História Olhos Dourados. - Capítulo 1


Escrita por:

Postado
Categorias Piratas do Caribe
Personagens Personagens Originais
Tags Marujo, Olhos Dourados, Pirata, Pirataria, Sereias
Visualizações 34
Palavras 2.119
Terminada Sim
NÃO RECOMENDADO PARA MENORES DE 14 ANOS
Gêneros: Fantasia, Ficção, Misticismo, Suspense

Aviso legal
Alguns dos personagens encontrados nesta história e/ou universo não me pertencem, mas são de propriedade intelectual de seus respectivos autores. Os eventuais personagens originais desta história são de minha propriedade intelectual. História sem fins lucrativos criada de fã e para fã sem comprometer a obra original.

Notas do Autor


Desde que ouvi a canção "Meu nome é Maria", de Piratas do Caribe, que fiquei com ela na mente.
A imagem das sereias me deixaram maravilhados, e loucamente eu me imaginei escrevendo algum tipo de história sobre essas beldades marítimas. Contudo, eu não tinha uma imaginação boa para um conto; não fazia ideia do que escrever. Pensei em alternativas: romances, aventura... suspense; nada me agradava. Eu queria algo que fosse rápido, e deixasse no leitor um sentimento de "Uau, quero mais" (mas isso é tão difícil). Demorei muito tempo, meses e meses, para poder imaginar algo. Finalmente, em meus delírios como escritor, consegui planejar um desfecho que me agradou; e assim espero que também agrade aos leitores.
Sejam bem vindos nesta navegação em alto mar.
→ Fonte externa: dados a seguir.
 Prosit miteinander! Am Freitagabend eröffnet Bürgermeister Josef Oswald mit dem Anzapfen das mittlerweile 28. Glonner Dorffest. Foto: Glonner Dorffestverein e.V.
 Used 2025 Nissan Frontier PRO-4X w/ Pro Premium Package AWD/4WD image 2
Capítulo 1 - Nas profundezas - Capítulo Único.


Fanfic / Fanfiction Olhos Dourados. - Capítulo 1 - Nas profundezas - Capítulo Único.
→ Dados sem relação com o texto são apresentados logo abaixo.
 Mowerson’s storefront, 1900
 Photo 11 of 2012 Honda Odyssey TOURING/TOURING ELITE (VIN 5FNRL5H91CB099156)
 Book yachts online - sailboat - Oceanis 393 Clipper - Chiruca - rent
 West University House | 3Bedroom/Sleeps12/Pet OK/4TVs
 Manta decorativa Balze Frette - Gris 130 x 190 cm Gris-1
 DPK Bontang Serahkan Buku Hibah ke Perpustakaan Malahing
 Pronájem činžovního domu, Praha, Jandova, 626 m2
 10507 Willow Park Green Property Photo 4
Viajando em altos mares, uma embarcação solitária se revelava no horizonte. A bandeira negra estava hasteada, sem temer a existência de ameaças ofensivas contra si. O Capitão Salazar era um pirata com um nome amargo nas cidades. A marinha mundial, assim como caçadores de recompensas e outros piratas que buscavam glória, lhe caçava ambiciosamente; enviando frotas em sua perseguição, sem sucesso. As lendas diziam que: “Capitão Salazar havia feito pacto com o demônio, e conquistado o navio mais rápido já imaginado. Ninguém conseguia alcança-lo, exceto se o mesmo quiser que aconteça; isso é, se tiver coragem de enfrentá-lo com espadas e mosquete”.

Já se passaram cinco dias desde que iniciaram a aventura para os desfiladeiros de cristais, um lugar contado de boca a boca sobre uma caverna onde as pedras preciosas brilhavam na noite. “Riquezas quase infinita”, tais palavras atiçaram a ganancia do pirata, que rapidamente preparou seus homens e embarcação, e zarpou em alto mar. Depois de dois dias, eles deixaram de avistar terra firme; dois dias após, nenhum canto de gaivota era ouvido. No quinto dia, quando a solidão fora a última coisa que lhes restou naquele horizonte azul, a comida tinha acabado; porém, isso não os abalava, pois ainda tinham o rum. Nos primeiros dias, a tripulação bebia e cantava de forma empolgada. Entretanto, no quarto dia o tédio lhes abateu, estavam loucos para saquear alguém, mal podiam esperar para atracar.

O Capitão Salazar estava no leme, atento como sempre. A luneta estava a distância de sua mão, na ansiedade de poder avistar qualquer ilha que correspondesse as suas expectativas. O imediato tentava manter a tripulação em ordem, não deixando que seus corpos enferrujassem para qualquer batalha que pudessem sofrer. Neste pensamento, ele promovia duelos entre a tripulação para se exercitarem; graças a isso, o tédio não os consumia completamente.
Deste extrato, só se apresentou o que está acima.